Hi! I was receiving the exact same error, did some research and I discovered that in python 3.9.0 HTMLParser.unescape was removed, so I switched back to python 3.8 and it is working perfectly fine. Switching to a older version that is greater than 3.4 should work. Hope it helps!

gustavoconter avatar Oct 09 '20 15:10 gustavoconter

Hi! I was receiving the exact same error, did some research and I discovered that in python 3.9.0 HTMLParser.unescape was removed, so I switched back to python 3.8 and it is working perfectly fine. Switching to a older version that is greater than 3.4 should work. Hope it helps!

Thanks, that worked!

rm00-git avatar Oct 09 '20 16:10 rm00-git

Here is a patch without needing to downgrade to python3.8 https://github.com/coursera-dl/edx-dl/pull/651/commits/5490a99a98b56f544661c131229ef640ace2b064 works in linux.

zenny avatar Oct 30 '20 16:10 zenny

Here is a patch without needing to downgrade to python3.8 coursera-dl/edx-dl@5490a99 works in linux.

I tried copying the file into Coursera folder but did help got ImportError: cannot import name 'random_string' from 'coursera.utils' error

VigneshRamanathan101 avatar Nov 20 '20 18:11 VigneshRamanathan101

@rm00-git how to go to previous version of python . Please tell me. Much needed.

manzoorHusain avatar Dec 18 '20 08:12 manzoorHusain

@rm00-git Thank you so much man. I really appretiate it.

manzoorHusain avatar Dec 18 '20 09:12 manzoorHusain

first thanks @zenny

  1. go to C:\Users\{ur_usr_name}\AppData\Local\Programs\Python\Python39\Lib\site-packages\coursera: note : if u install coursera-dl in a venve go to: ur-v-env-name\Lib\site-packages\coursera:

  2. => open utils.py file and replace all the code with the code in this link : https://gist.github.com/ziko442/d57d91da980e72414c725eb60878bc2d

ziko442 avatar Dec 22 '20 14:12 ziko442

Hi!
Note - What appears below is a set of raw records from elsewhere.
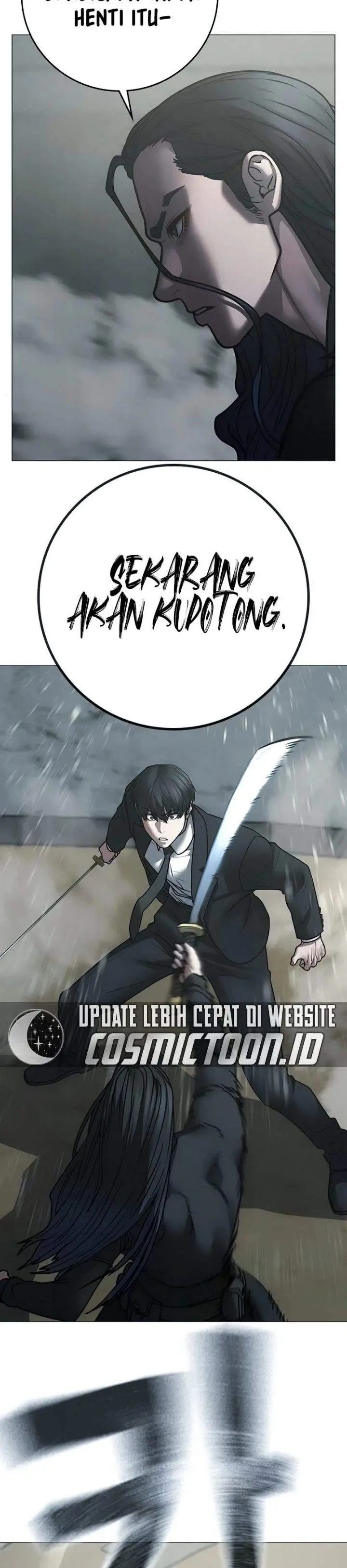 image-komik-reality-quest-chapter-203-21/25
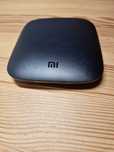 Xiaomi Mi Box S android TV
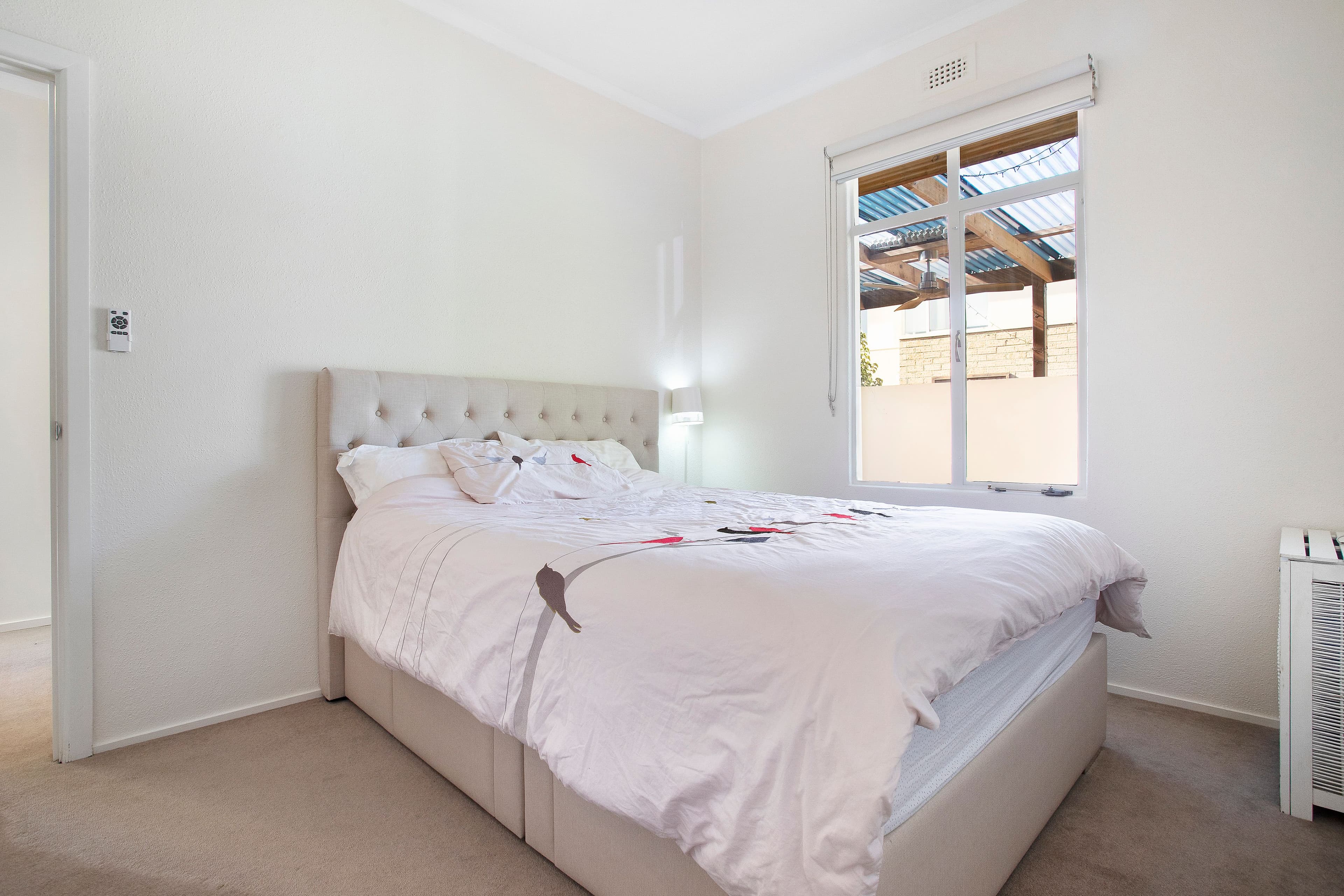 14 Allambi Street, Ashwood VIC 3147, Ashwood - Thumbnail 5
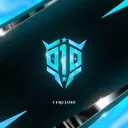 Cerujano | SailorPiece | BloxF... Discord Server Icon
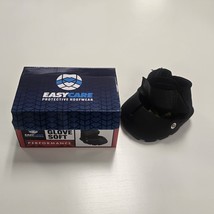 EasyCare Easyboot Glove Soft Horse Hoof Boot - SINGLE - Size 1 WIDE - $1,293.93 MXN
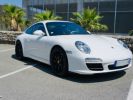 Porsche 997 - Photo 163935466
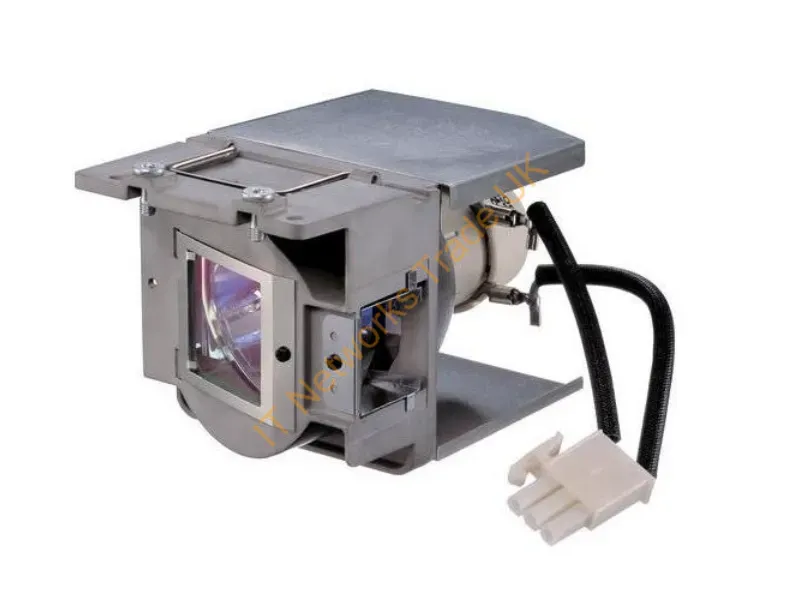 5J.J5E05.001-OE - Bti 5J.J5E05.001-Oe Projector Lamp 190 W Uhp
I was receiving the exact same error, did some research and I discovered that in python 3.9.0 HTMLParser.unescape was removed, so I switched back to python 3.8 and it is working perfectly fine. Switching to a older version that is greater than 3.4 should work. Hope it helps!

Thanks, it worked!

rohitbalage avatar Jan 09 '21 06:01 rohitbalage

Here is a patch without needing to downgrade to python3.8 coursera-dl/edx-dl@5490a99 works in linux.

refer to ziko442's reply to fix the issue with coursera-dl, his reply is for edx-dl.

Nirbhay-Thacker avatar Jan 11 '21 09:01 Nirbhay-Thacker

If you modify coursera\utils.py to import html and then replace h = html_parser.HTMLParser() with h = html

3.9 Works. Suggest the dev team to implement this change.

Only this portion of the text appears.